'''

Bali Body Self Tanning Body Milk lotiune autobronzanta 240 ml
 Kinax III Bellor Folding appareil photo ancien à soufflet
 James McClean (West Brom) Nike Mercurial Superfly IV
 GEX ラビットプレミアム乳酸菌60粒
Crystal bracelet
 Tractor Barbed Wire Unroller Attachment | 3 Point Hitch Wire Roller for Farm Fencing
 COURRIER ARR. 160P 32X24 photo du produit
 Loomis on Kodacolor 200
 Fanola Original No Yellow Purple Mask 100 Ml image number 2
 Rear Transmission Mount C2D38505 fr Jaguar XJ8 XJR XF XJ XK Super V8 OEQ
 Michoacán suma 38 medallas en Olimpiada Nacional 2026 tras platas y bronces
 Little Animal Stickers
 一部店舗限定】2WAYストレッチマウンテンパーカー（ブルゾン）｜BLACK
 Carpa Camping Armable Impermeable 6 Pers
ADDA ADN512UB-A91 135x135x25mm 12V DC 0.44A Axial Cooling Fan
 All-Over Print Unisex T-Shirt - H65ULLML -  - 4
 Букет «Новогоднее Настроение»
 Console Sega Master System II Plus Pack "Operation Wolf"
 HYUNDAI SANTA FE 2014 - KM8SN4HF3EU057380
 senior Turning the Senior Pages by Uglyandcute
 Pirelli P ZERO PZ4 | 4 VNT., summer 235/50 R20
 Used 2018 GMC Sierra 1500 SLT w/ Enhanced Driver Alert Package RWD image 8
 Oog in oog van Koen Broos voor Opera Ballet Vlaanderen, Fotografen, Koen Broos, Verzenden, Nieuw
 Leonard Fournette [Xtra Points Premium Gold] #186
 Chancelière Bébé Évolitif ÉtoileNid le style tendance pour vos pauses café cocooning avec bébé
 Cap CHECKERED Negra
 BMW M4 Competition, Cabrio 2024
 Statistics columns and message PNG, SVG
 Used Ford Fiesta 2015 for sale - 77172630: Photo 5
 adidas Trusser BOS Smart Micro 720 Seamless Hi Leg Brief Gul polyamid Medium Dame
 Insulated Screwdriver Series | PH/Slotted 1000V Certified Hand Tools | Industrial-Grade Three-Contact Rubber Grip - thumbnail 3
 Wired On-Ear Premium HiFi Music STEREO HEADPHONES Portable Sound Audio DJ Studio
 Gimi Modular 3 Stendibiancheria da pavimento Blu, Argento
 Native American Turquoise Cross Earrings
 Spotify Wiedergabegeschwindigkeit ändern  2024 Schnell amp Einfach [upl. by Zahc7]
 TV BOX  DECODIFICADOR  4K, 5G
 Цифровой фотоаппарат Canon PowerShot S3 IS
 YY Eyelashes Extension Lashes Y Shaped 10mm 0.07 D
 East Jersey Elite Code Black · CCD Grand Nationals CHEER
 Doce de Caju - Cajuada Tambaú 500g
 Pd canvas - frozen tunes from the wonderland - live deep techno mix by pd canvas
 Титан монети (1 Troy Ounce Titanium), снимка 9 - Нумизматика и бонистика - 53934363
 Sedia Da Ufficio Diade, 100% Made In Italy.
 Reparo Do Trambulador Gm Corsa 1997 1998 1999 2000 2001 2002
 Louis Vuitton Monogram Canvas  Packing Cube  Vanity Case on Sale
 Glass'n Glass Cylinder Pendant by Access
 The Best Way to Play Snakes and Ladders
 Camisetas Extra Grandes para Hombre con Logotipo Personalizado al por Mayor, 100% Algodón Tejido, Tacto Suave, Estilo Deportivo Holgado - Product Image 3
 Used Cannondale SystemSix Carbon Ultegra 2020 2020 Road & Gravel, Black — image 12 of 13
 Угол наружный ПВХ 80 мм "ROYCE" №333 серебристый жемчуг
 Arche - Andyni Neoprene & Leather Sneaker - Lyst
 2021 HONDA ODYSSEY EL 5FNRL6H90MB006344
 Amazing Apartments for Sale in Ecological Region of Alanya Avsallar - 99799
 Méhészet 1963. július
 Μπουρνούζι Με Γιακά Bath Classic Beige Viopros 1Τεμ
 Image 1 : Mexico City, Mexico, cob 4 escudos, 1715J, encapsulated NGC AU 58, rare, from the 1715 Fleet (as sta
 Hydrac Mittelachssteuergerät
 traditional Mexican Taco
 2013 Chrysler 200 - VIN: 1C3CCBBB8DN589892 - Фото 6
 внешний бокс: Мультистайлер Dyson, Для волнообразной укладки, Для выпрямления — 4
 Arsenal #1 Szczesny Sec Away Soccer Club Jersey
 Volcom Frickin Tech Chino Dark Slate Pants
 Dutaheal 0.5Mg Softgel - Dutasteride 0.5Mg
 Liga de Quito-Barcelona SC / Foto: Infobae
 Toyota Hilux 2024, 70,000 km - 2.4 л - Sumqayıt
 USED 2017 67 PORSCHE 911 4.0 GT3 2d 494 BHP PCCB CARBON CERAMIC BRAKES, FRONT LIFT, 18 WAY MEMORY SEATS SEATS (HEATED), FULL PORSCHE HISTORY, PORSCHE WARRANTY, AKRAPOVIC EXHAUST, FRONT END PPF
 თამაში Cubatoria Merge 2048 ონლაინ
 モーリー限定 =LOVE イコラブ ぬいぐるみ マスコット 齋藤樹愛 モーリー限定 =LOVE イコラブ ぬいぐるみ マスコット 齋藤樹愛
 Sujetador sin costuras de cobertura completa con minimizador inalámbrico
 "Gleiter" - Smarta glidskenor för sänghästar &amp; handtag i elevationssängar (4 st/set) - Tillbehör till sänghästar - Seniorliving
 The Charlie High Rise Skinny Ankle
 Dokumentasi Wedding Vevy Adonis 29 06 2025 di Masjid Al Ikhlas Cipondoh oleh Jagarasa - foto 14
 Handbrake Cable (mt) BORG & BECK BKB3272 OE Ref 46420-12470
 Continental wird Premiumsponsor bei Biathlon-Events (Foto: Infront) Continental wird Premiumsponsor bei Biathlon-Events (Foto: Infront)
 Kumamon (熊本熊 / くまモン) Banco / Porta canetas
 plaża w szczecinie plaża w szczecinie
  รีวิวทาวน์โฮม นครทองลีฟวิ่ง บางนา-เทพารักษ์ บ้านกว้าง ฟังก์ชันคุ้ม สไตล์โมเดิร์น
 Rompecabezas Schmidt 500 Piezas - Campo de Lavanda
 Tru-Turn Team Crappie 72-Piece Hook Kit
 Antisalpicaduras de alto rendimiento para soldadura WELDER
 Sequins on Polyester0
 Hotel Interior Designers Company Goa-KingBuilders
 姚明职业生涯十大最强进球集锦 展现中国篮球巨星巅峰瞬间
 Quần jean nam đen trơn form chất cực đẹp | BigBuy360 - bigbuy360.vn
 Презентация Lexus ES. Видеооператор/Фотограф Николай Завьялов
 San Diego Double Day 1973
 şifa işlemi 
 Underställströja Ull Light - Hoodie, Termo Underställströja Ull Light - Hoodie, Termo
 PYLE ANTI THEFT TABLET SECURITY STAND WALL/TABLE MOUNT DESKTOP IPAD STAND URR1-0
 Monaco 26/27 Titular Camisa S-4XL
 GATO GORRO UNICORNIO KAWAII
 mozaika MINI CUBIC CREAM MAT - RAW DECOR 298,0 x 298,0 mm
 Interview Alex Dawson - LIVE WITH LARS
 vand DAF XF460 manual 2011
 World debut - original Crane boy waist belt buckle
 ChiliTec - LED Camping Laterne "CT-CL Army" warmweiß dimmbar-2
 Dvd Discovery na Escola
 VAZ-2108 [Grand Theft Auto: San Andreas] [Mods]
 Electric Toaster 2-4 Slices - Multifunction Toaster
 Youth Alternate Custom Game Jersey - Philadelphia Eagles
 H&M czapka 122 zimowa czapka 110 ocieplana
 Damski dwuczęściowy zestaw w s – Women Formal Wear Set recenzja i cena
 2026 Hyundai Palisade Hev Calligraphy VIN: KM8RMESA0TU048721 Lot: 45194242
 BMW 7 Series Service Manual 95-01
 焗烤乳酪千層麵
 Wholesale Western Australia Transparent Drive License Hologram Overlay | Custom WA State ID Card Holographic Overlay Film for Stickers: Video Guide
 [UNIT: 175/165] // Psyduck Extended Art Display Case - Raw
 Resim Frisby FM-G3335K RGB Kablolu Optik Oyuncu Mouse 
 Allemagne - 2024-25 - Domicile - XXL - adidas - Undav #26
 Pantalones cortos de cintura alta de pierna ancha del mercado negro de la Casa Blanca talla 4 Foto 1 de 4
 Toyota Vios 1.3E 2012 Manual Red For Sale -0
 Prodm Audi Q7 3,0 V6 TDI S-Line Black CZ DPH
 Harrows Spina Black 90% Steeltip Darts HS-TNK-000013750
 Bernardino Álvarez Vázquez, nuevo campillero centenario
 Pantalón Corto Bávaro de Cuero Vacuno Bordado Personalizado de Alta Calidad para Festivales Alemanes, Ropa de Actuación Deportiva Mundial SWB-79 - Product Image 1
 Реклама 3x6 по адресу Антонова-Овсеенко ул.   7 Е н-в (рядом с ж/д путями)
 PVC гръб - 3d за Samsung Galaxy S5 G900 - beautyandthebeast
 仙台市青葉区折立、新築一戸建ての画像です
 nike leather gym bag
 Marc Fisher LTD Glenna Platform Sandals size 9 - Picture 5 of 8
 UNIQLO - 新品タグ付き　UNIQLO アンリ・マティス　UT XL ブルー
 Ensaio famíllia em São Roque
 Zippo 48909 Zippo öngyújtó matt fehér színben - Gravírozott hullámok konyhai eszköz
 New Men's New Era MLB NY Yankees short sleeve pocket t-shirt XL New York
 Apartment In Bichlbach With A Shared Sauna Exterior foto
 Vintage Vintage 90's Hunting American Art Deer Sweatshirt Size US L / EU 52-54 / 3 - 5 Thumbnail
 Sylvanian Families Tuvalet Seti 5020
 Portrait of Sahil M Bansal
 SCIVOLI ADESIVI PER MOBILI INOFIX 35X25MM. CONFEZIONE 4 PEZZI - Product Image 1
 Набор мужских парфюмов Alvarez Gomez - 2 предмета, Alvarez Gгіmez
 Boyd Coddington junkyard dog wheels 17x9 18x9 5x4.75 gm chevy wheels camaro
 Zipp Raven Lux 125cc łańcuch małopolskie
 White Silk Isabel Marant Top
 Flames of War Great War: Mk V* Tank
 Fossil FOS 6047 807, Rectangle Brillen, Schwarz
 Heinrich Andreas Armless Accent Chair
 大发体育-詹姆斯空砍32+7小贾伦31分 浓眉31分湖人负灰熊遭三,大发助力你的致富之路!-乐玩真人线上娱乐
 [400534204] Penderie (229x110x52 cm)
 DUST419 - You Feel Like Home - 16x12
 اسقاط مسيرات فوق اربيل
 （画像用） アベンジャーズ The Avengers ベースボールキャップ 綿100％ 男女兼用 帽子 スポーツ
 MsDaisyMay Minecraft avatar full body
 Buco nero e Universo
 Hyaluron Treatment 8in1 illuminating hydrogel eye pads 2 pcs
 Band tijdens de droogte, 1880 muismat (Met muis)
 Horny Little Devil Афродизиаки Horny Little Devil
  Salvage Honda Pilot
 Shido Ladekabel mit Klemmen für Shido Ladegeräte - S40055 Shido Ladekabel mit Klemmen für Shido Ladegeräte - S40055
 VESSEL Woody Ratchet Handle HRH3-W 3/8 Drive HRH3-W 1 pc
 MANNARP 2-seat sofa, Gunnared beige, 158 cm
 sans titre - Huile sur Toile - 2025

'''

# Work task
Could you restate, word for word, the lines above from the one with "Реклама 3x6 по" to the one with "Band tijdens de", both included?

# Task answer
 Реклама 3x6 по адресу Антонова-Овсеенко ул.   7 Е н-в (рядом с ж/д путями)
 PVC гръб - 3d за Samsung Galaxy S5 G900 - beautyandthebeast
 仙台市青葉区折立、新築一戸建ての画像です
 nike leather gym bag
 Marc Fisher LTD Glenna Platform Sandals size 9 - Picture 5 of 8
 UNIQLO - 新品タグ付き　UNIQLO アンリ・マティス　UT XL ブルー
 Ensaio famíllia em São Roque
 Zippo 48909 Zippo öngyújtó matt fehér színben - Gravírozott hullámok konyhai eszköz
 New Men's New Era MLB NY Yankees short sleeve pocket t-shirt XL New York
 Apartment In Bichlbach With A Shared Sauna Exterior foto
 Vintage Vintage 90's Hunting American Art Deer Sweatshirt Size US L / EU 52-54 / 3 - 5 Thumbnail
 Sylvanian Families Tuvalet Seti 5020
 Portrait of Sahil M Bansal
 SCIVOLI ADESIVI PER MOBILI INOFIX 35X25MM. CONFEZIONE 4 PEZZI - Product Image 1
 Набор мужских парфюмов Alvarez Gomez - 2 предмета, Alvarez Gгіmez
 Boyd Coddington junkyard dog wheels 17x9 18x9 5x4.75 gm chevy wheels camaro
 Zipp Raven Lux 125cc łańcuch małopolskie
 White Silk Isabel Marant Top
 Flames of War Great War: Mk V* Tank
 Fossil FOS 6047 807, Rectangle Brillen, Schwarz
 Heinrich Andreas Armless Accent Chair
 大发体育-詹姆斯空砍32+7小贾伦31分 浓眉31分湖人负灰熊遭三,大发助力你的致富之路!-乐玩真人线上娱乐
 [400534204] Penderie (229x110x52 cm)
 DUST419 - You Feel Like Home - 16x12
 اسقاط مسيرات فوق اربيل
 （画像用） アベンジャーズ The Avengers ベースボールキャップ 綿100％ 男女兼用 帽子 スポーツ
 MsDaisyMay Minecraft avatar full body
 Buco nero e Universo
 Hyaluron Treatment 8in1 illuminating hydrogel eye pads 2 pcs
 Band tijdens de droogte, 1880 muismat (Met muis)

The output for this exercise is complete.